Last week I wrote a short paper on an idea recently put forth by Farrah et al., that claimed that black holes may be the source of dark energy. The idea is basically the following: if black holes are coupled to the expansion of the universe, then certain black hole theories predict that they may grow with with the scale factor of the universe. In other words, as the Universe grows, every black hole should grow as well, and the offset in that mass increase can power the expansion of the Universe (loosely speaking). For this to work though, black holes would have to grow at an extreme rate, roughly proportional to (1+z)^3
This, however, is inconsistent with the masses and ages of black holes in globular clusters, in particular the 2 (or probably 3) black holes in NGC 3201. There, we have measured M sin (i) masses of 4.5, 7.7 and (probably) 4.4 solar masses. Given the age of the cluster, these black holes would have had to grow by a factor of nearly 55 from it’s formation at redshift 2.8 to the present day. Assuming that the black holes had to be born above the mass of the largest neutron stars, the *only* way this could work is if both (or all three) black holes are essentially face on to us.

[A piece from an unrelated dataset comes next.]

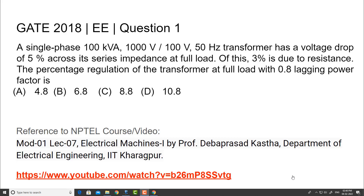Welcome all. Now I am going to discuss question number 1 from the GATE 2018 paper electrical engineering. The question is: a single phase 100 kVA, 1000 volts by 100 volts, 50 Hz transformer has a voltage drop of 5% across its series impedance at full load. Of this, 3% is due to resistance. The percentage regulation of the transformer at full load with 0.8 lagging power factor is — these are all the given options.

The odds of that are a simple probability argument, and aren’t great:
Essentially, even if I assume very generous errors on the cluster age (-3 sigma), consider only the two reliable black hole candidates, and give them a very generous (+3 sigma) error as well, the odds of them being face on enough for both black holes to be born above 2.2 solar masses is about 10^-4. If I assume the median measurements instead and throw in the 3rd black hole (which has a 82% chance of being a black hole, see the discussion in section 7.3 of Giesers et al., 2019), then this probability goes down to 10^-9.
In other words, unless nature is seriously conspiring against us, black holes have not grown enough to explain the origin of dark energy
Update: Paper was just accepted by ApJL!